İMPARATORLUKTAN
KÜRESELLEŞMEYE
SELİM GÜRBÜZER
Genellikle imparatorluk denilince farklı ırk
ve dine mensup toplulukların belirli hanedan mensubu liderince yönetilen devlet
akla gelir. Böyle bir devletin dizginlerini elinde tutan liderse imparator olarak
karşılık bulur. Karşılık bulması da gayet tabii bir durumdur. Çünkü gücünü bağlı olduğu dine dayanarak
imparatorluğunu sürdürmekte. İşte Bizans hanedanının imparatorluğunu Patrikhaneye
dayandırarak sürdürmesi, keza Roma Germen hanedanının da imparatorluğunu Roma
kilisesine dayandırarak sürdürmesi bunun en çarpıcı örnekleridir. Malum,
İngiliz Kraliçesi de Anglikan kilisesine olan bağlılığıyla imparatoriçeliğini
taçlandırmakta. Tüm bunların dışında icabında batıda aynı hanedan mensubu
içerisinden kendi soy kütüğüne yakın bir başka topluluğun başına geçip
imparator olmakta vardır.
Peki ya
Osmanlı hanedanında durum nasıldı? Malum, Osmanlı hanedanlığının batıdan en belirgin farkı,
sistemini Müslim ve gayrimüslim ekseni üzerine kurmuş olmasıdır. Öyle ki Osmanlı
farkını bir yandan maiyetine aldığı Müslim tebaayı halifelik esasına göre idare
ederek, diğer yandan da maiyetine aldığı gayrimüslim tebaayı millet-i hâkime esasınca
yöneterek ortaya koyacaktır. Zaten farkı fark ettirende bağrında beslediği onca
milletin dinine, diline, mezhebine ve meşrebine karışmadan adil yönetmesidir. İster adına halifelik, ister millet-i hâkime denilsin
hiç fark etmez, sonuçta Devlet-i Aliyye’nin
üç kıtada altı yüzsene adalet kılıcı olarak kalış gerçeğini değiştiremeyecektir.
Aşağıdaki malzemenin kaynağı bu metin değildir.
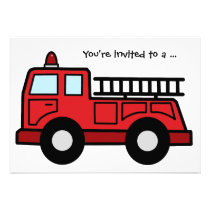 Cartoon Clip Art Firetruck Boy Birthday Party invitations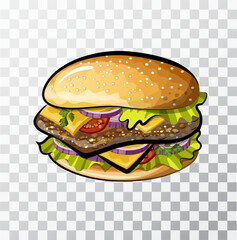 Burger american national food hand drawn vector illustration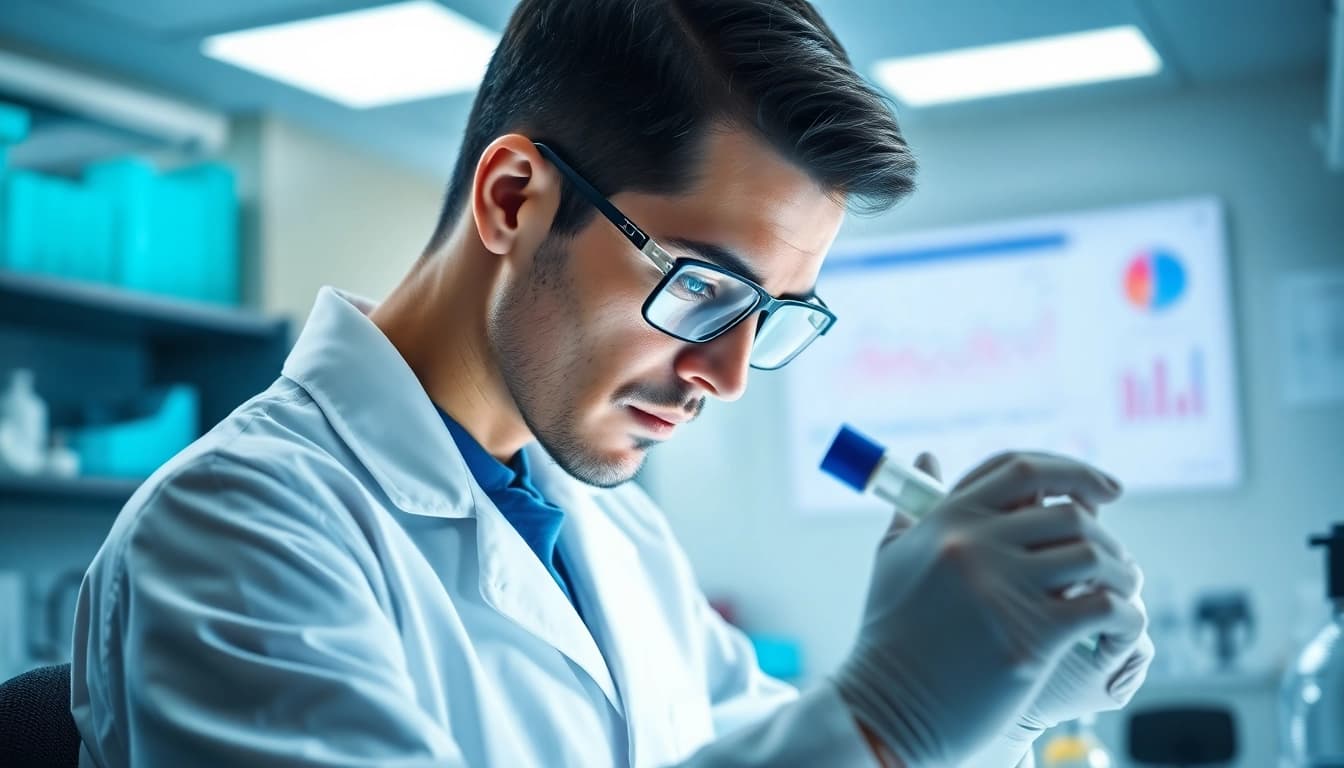 Tirzepatide analysis conducted in a clinical lab showcasing medical professionalism.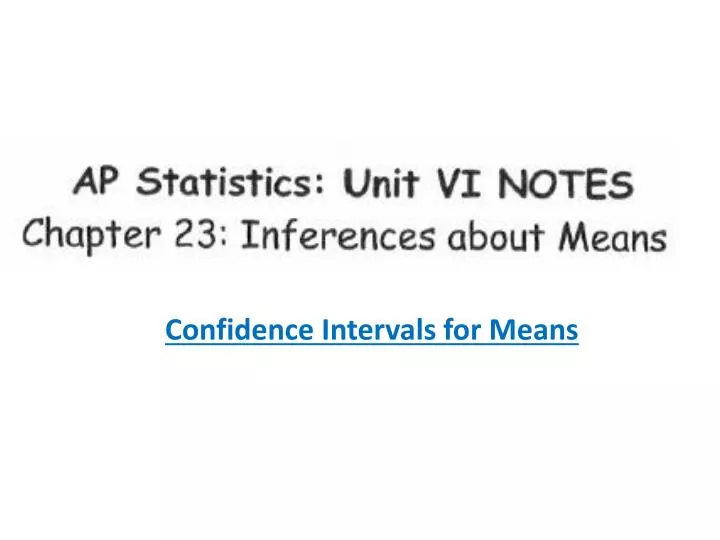 confidence intervals for means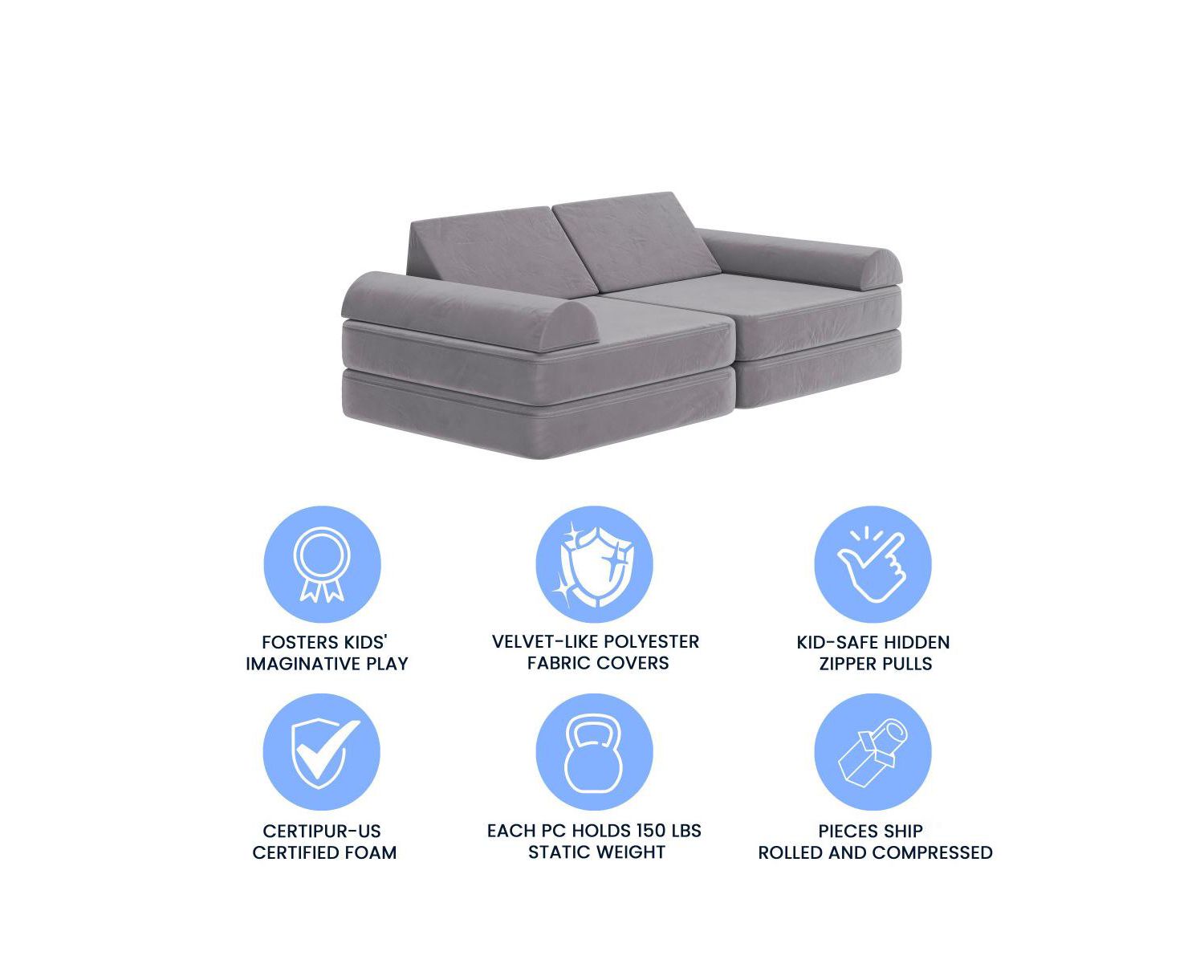 Conner Modular Play Couch For Kids With Convertible 6-Piece Design And Soft Foam Cushions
Tâ ki Fransız ihtilaliyle tüm dünyada uluslaşma rüzgârları esmeye başlar, işte o zaman adalet kılıcımız işlemez hale gelip
artık bir arada yaşamanın hiçbir esprisi kalmaz da.
Hele Osmanlı düşmeye görsün bir anda toprağımızdan
mantar sürüsü ulus devletler ve uluslararası paktlar türerde. Türedi de ne oldu
sanayileşmenin hız kazanmasıyla birlikte uluslaşma süreci küreselleşme kıskacı
altına girecektir. Derken sınırların pek önemsenmediği bir sürü bölük pörçük
devletçikler ağıyla örülü bir dünya ile kala kalırız. Zaten vahşi batıdan başka
bir şey beklenmezdi, çünkü onların cemaziyülevvelini çok iyi biliriz. Hani huylu
huyundan vazgeçmez ya, aynen öyle de tarihe
şöyle bir göz attığımızda batı dünyasının kınında hiç durmadığı görülecektir. Bir
bakmışsın sistemini toprağa bağlı feodalite üzerine kurmuş görürsün, bir
bakmışsın Ümit Burnunun keşfi ve deniz aşırı ticari zenginliğinin iştah
açıcılığıyla sermayeye dayalı derebeylik ve krallığın müşterekliğine dayalı bir
yönetim modeline geçiş yaptığını görürsün. Yine bir bakmışsın ticari sömürgecilikten
akan finansmanla burjuva sınıfı doğup hızla sisteme dâhil olduğunu görürsün. Bilhassa
bu süreçte tarihler 1869’u gösterdiğinde Süveyş kanalı yoluyla doğu ve batı hattı
üzerinde sömürgecilikten akan sermayenin getirdiği zenginlikle dünyamız küresel
baronların ticari rekabetine sahne olur bile. Hele ileriki yıllarda birde bunun
üstüne Ortadoğu’daki petrollerin kokusunu aldıklarında adeta keyiflerine
diyecek yok süreçte kan ve gözyaşı üzerine kurulu bir küresel sistemin dizginlerini
ellerinde tutacaklardır. Ne diyelim, işte görüyorsunuz petrol kokusu böyle bir
şeydir pastadan pay kapma uğruna icabında I. Dünya savaşı kopartılabiliniyor.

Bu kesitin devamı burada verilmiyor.